= John A. Bryant =

Australian businessman

John A. Bryant is an Australian businessman. He is the chair of Flutter Entertainment. Bryant was the chairman and chief executive officer (CEO) of Kellogg Company (Kellogg's) from 2011 to 2017.

==Early life==

Born in Brisbane, Queensland, Bryant attended St Edmund's College in Canberra, Australian Capital Territory (ACT).

Bryant received a Bachelor of Commerce from Australian National University in 1987, and an MBA from the Wharton School of the University of Pennsylvania.

==Career==

Bryant joined Kellogg Company in 1998, and has held a variety of roles, including chief financial officer (CFO); president, North America; president, international; and chief operating officer (COO).

In July 2010, Bryant joined the Kellogg Company's board of directors.

In January 2011, Bryant was named president and CEO.

In July 2014, Bryant was named chairman of Kellogg Company. In this role, he also chairs the executive committee of the board.

Bryant is a trustee of the W.K. Kellogg Foundation Trust. He is on the board of directors of Catalyst, The Consumer Goods Forum, and Macy's, Inc.

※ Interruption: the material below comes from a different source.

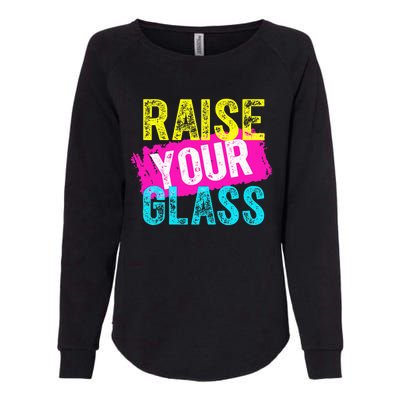 Raise Your Glass funny saying Womens California Wash Sweatshirt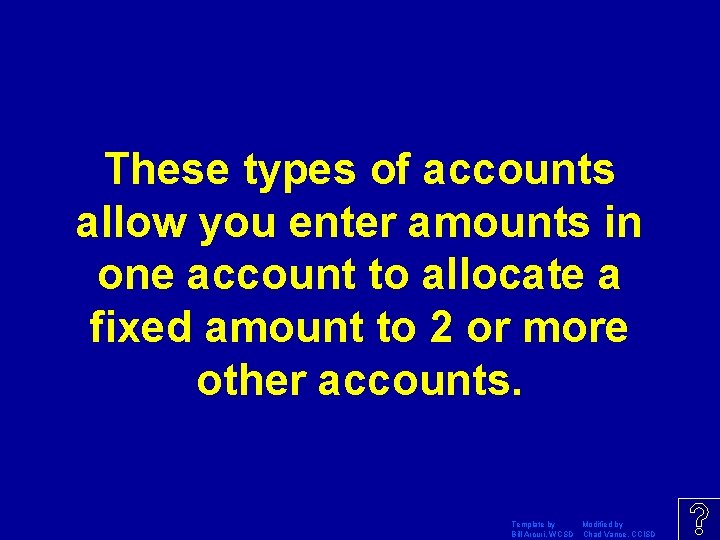 These types of accounts allow you enter amounts in one account to allocate a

Bryant is a chartered accountant of the Institute of Chartered Accountants in Australia.

In September 2023, he was appointed chair of Flutter Entertainment.

==Kellogg Company==
In 2012, Bryant was sanguine about the purchase of Pringles from Procter & Gamble, after a deal with Diamond Foods fell through.

Bryant has admitted to firing too many employees in the United States during the Great Recession.

In September 2017, the company announced Bryant would retire in the first week of October. Steve Cahillane succeeded Bryant. According to Kellogg spokesperson Kris Charles, as reported by Fortune, it was Bryant's decision to retire. Bryant will stay on as executive chairman until 15 March.

==Personal life==

Bryant lives in Kalamazoo, Michigan, with his wife Alison and their six children.